Only the lines below from the one that contains "Desi Indian suhagraat" through the one that contains "Chattanooga, TN 37421" should appear in your answer, exact and without pictures.

[[ SUPPLIED MATERIAL open ]]

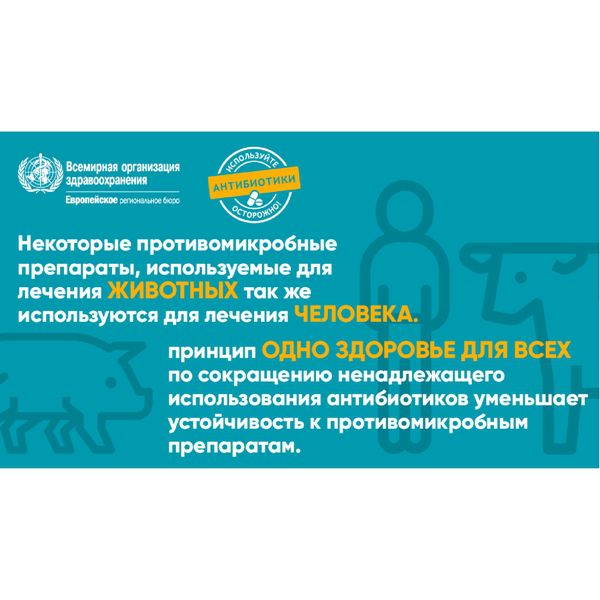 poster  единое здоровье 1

[[ SUPPLIED MATERIAL closed ]]
[[ SUPPLIED MATERIAL open ]]

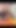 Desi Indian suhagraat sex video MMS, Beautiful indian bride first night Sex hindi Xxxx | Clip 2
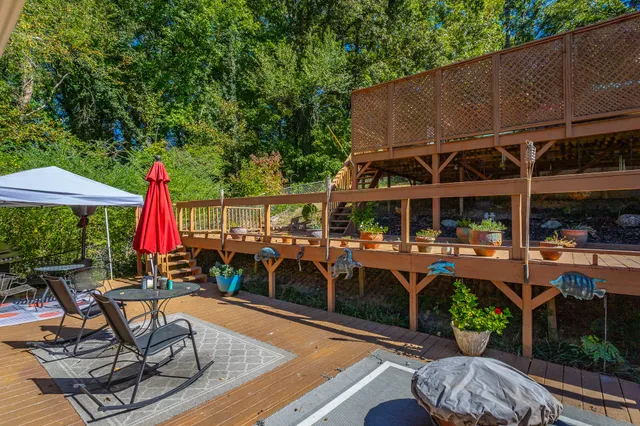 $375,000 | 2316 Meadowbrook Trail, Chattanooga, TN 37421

[[ SUPPLIED MATERIAL closed ]]

§ REPLY
 Desi Indian suhagraat sex video MMS, Beautiful indian bride first night Sex hindi Xxxx | Clip 2
 $375,000 | 2316 Meadowbrook Trail, Chattanooga, TN 37421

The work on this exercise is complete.